One of the most complicated, and frankly frustrating, things to wrap your head around when you are first working with Wheatnet IP is the concept of Sources and Destinations. At first, your tendency is to think that all sources must just be inputs and all destinations must be outputs, but you would be wrong to do that. The truth is that Source and Destination as identifiers are equally as subjective as inputs and outputs; they all beg the question ‘to what?’
When we set out to create a near latency free routing system for thousands of audio signals over a complicated IP network, the daisy chained template of ‘input connects to output’ didn’t fit the mold for multicast IP. How would one manage this complicated web of audio in such a linear fashion? Enter the crosspoint grid. Think of your Wheatnet-IP as ‘the cloud’. You can upload and download things to and from the cloud from innumerable devices from nearly anywhere in the world.

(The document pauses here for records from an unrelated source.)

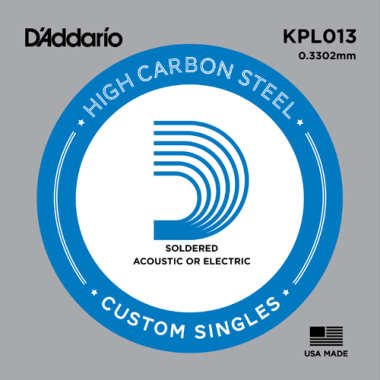 D'Addario KPL013 Plain Soldered Ball End .013 (.330 mm) Single String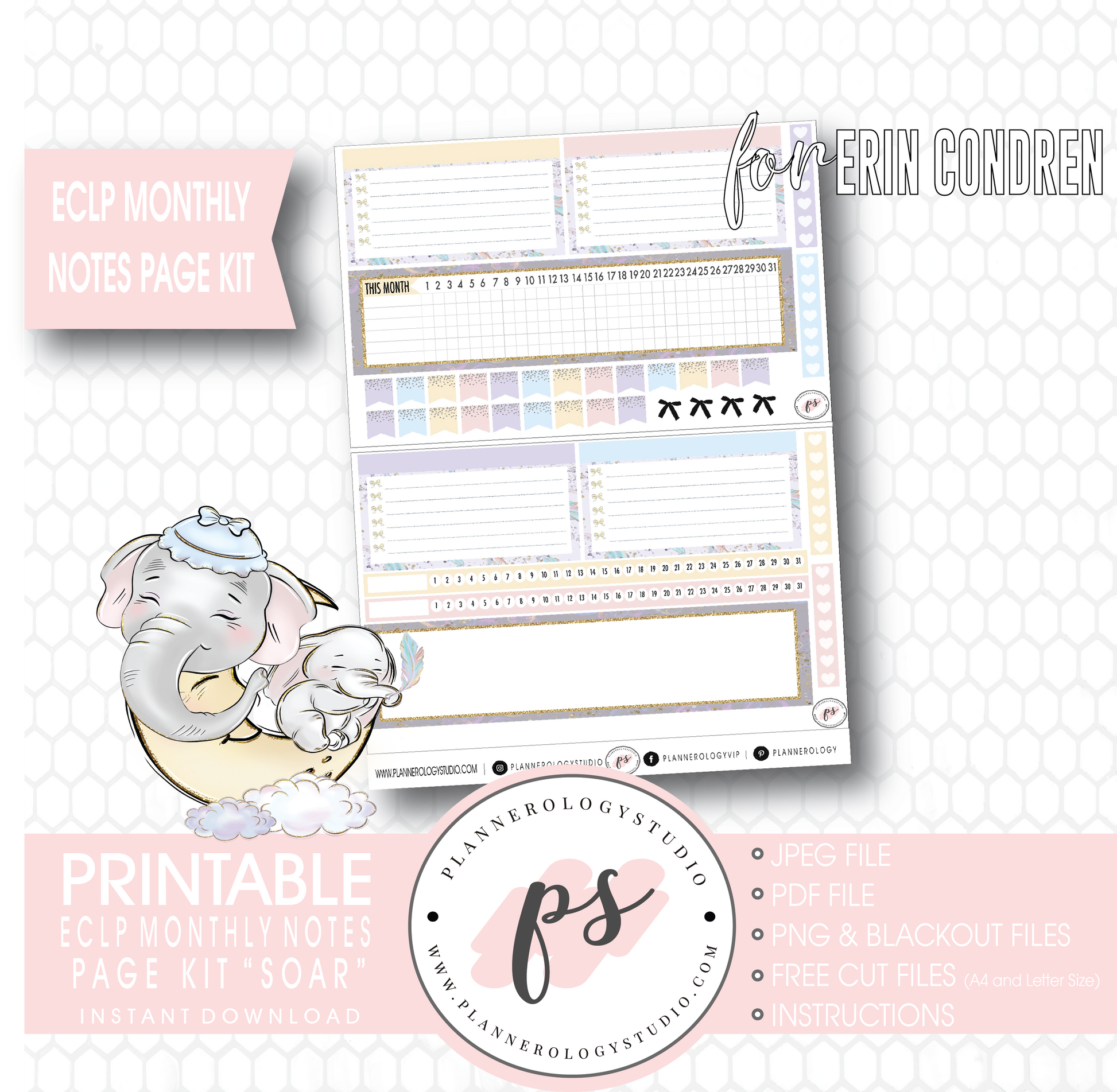 Soar (Dumbo Inspired) Monthly Notes Page Kit Digital Printable Planner Stickers (for use with Erin Condren) - Plannerologystudio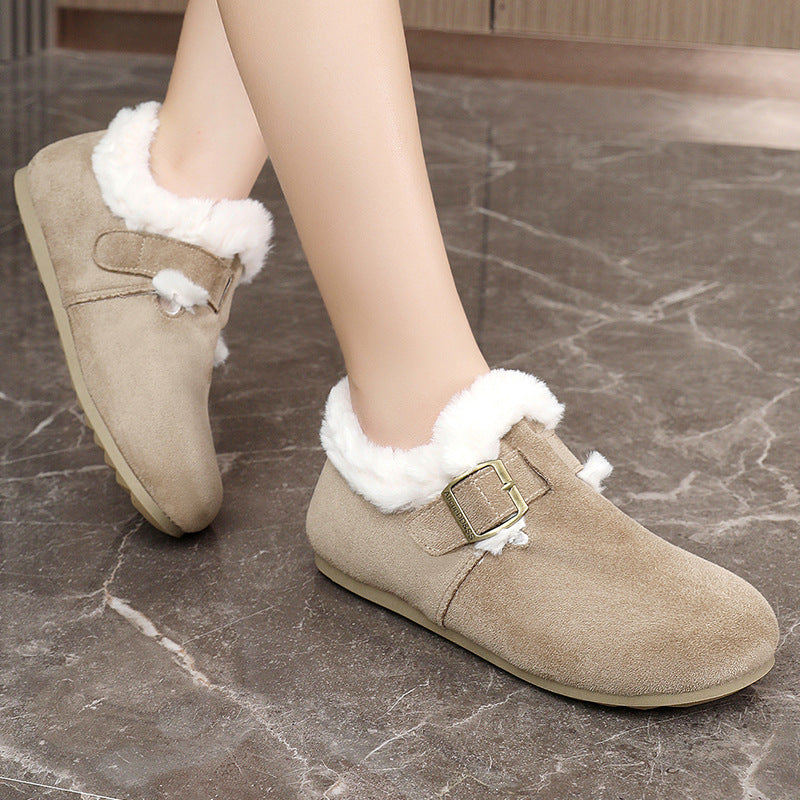 2025 Winter New Women'S Style Loafers | Chunky Sole Warm Fleece-Lined Shoes, Thickened Snow Boots H2602, Upper, Fabric Inner, Rubber Sole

Your Wheatnet works in exactly this same way! A Source is basically an upload to your Wheatnet-IP cloud and a destination is a download from your Wheatnet-IP cloud. In your crosspoint grid, the cloud is the space where you make the crosspoints, and along one side of it you have all of the available things that can feed your cloud. This could be physical inputs on a blade, or it could be output busses of a surface, or even processed audio leaving your MP-532. Conversely, the other side is all the things that can take a feed from the cloud. This could be a physical output on a blade, or it could be an input fader on your surface, or an input to a utility mixer that lives on a blade.
Once you wrap your head around the concept that inputs and outputs are subjective and that the Wheatnet-IP is a network of audio signals that are available to give and take, you will find that the old analog concept of audio routing to be completely obsolete, and the modern way of audio routing in a digital audio over IP realm will completely open your mind to a different world of audio routing possibilities.